The Twenty20 tournament has so far delivered viewing figures described as "unheard of" for the channel. With the demise of Setanta, the IPL had been left without a UK broadcaster and offered the rights to ITV for a comparatively lowly sum – a negligible one according to industry experts. In return ITV 4 has garnered an audience that has frequently been more than 10 times its average afternoon viewing figures and often treble the size of its peak-time average. It's money well spent.
The last two Sundays have earned peaks of 563,000 and 530,000 respectively. On that first Sunday, England's Test in Bangaladesh attracted an average audience of 151,000 – ITV 4's average for its nine hours of IPL transmission that day was 297,000. This on a channel that has a usual day-time return of fewer than 50,000, and this for a tournament that averaged 33,000 on Setanta last year.
ITV 4, which has a one-year deal to show the tournament, may be available to more viewers than its pay TV rivals, but nevertheless they are remarkable figures. The peak share of 3 to 4 per cent last weekend compares favourably to the world cycling championships that were shown at the same time on BBC 2. "We are delighted with it," said Niall Sloane, ITV's controller of sport. "It has surpassed all we had hoped for. It has reinvigorated our daytime schedule."
Prior to agreeing the deal, ITV commissioned analysis which offered guarded support, but the channel took a "more bullish view" and has been handsomely rewarded. The bulk of the audience is estimated to be made up of British Asians – ITV is awaiting a demographic breakdown – and it is the Indian continental diaspora that Lalit Modi, the ambitious commissioner of the IPL, is desperate to tap into.
An enthusiastic tweeter, he recently posted his "delight" at the burgeoning UK audience which has lapped up the show hosted by Matt Smith and the Indian actress Mandira Bedi.
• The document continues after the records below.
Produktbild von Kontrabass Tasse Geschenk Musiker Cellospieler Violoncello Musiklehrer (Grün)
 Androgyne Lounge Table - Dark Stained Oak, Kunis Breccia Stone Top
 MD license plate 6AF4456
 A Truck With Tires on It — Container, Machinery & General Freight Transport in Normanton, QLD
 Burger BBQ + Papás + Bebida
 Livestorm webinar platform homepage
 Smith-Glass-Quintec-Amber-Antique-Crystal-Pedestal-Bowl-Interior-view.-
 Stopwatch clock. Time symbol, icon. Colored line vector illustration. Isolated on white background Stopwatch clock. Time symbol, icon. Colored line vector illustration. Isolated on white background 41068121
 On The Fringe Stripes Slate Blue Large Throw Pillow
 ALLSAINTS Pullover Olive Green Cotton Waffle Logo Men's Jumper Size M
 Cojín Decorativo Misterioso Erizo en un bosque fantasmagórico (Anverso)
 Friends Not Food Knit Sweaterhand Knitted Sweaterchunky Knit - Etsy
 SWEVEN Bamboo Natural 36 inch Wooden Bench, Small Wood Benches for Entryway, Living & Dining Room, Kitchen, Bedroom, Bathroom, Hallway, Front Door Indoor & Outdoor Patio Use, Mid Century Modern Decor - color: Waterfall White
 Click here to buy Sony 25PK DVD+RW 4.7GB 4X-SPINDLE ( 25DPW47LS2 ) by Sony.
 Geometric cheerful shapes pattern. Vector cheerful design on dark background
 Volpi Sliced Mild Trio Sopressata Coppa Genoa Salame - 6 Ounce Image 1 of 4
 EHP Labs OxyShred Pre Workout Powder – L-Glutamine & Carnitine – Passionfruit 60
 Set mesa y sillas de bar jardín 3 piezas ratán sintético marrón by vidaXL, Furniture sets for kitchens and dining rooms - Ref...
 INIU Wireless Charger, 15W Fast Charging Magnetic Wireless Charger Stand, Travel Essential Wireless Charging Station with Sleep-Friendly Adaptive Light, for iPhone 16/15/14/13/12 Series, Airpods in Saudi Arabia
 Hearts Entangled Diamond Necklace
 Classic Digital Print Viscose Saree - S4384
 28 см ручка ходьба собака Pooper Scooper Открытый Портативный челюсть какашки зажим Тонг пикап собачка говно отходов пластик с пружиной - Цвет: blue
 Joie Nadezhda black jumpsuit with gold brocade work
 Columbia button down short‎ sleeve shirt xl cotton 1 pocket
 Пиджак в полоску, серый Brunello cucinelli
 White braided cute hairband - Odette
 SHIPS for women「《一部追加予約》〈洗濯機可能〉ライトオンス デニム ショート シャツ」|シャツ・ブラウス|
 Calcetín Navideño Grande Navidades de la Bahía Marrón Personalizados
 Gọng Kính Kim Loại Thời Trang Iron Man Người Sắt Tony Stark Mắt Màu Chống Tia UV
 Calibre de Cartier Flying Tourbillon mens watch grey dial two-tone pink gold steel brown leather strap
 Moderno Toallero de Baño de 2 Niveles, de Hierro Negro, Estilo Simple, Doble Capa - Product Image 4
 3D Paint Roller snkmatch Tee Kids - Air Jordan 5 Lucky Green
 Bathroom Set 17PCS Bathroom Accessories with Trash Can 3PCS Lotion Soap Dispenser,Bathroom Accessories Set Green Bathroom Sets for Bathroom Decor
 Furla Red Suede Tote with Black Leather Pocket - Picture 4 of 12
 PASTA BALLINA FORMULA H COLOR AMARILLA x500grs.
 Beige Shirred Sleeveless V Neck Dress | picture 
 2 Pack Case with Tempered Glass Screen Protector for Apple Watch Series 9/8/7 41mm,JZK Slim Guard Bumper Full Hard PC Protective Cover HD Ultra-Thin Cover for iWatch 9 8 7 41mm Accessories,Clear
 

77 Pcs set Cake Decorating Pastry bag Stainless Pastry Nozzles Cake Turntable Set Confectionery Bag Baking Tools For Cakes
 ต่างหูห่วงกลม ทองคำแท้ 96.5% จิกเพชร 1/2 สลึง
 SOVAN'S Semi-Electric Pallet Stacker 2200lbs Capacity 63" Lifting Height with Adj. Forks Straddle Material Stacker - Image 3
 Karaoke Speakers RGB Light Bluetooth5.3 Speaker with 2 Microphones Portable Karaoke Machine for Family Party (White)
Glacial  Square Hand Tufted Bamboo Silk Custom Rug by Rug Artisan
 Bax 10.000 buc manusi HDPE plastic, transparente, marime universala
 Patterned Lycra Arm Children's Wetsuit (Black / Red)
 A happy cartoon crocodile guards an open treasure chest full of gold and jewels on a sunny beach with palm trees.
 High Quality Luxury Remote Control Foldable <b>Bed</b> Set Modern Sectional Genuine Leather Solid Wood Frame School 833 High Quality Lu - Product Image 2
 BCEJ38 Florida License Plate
He is similarly happy with the domestic TV audience too, not surprisingly since the opening game between Deccan Chargers and Kolkata Knight Riders attracted 42m viewers according to TAM, India's television ratings industry, a 41 per cent growth on year one. Five million watched the game on YouTube, which paid a comparatively modest $7m to become a rights holder.
The figures keep coming. After initial scepticism over the wisdom of looking to add further franchises to the existing eight, the two new ones attracted a joint fee of $703m at an auction on 21 March. When the IPL was set up two years ago, the total bid for the eight teams was $700m.
The coverage is not to everyone's taste, however. It is the most nakedly commercial broadcast seen in this country and ITV's production team struggles to ensure it remains within Ofcom regulations. On screen adverts are blurred and one that runs along the bottom of the screen is covered by an ITV strap. Every detail of the game and its surroundings, from timeouts to catches, is branded to within an inch. Even the commentators who accompany the world feed are not above blatantly promoting products: one last week discussed the amount of minutes available under the mobile phone deal offered by one sponsor. It makes the Premier League (English football version) look as demure as one of John Major's old maids cycling to communion.
The concern for Modi, and the point ITV will await post-event analysis to ponder, is whether the IPL has a limited reach. Has Modi reached too high too soon? It is reported that the fan base still identify primarily with players, such as Sachin Tendulkar, rather than franchise teams. Most of the franchises do not yet make money and rely on wealthy benefactors.
But for the time being at any rate it is a phenomenon that is noisily attracting attention in some unlikely quarters of the globe. Later this month the Dalai Lama will take in a game, although he is perhaps not representative of the target audience Modi is pursuing.
League leaders: IPL by numbers
563,000 ITV 4's peak figure on 21 March when Chennai Super Kings beat King's XI Punjab in Chennai.
151,000 The average number of viewers who watched Bangladesh against England on Sky Sports on 21 March. ITV 4 had an average of 297,000 for the IPL on the same day.
33,000 The average number of viewers the now defunct Setanta Sports attracted last year for the IPL.
42,000,000 The number of television viewers in India for the opening game of this year's IPL.
$1.6bn The amount paid by Sony to show the IPL in India until 2017. The figure ITV paid to show the event in the UK has not been made public, but is believed to be modest.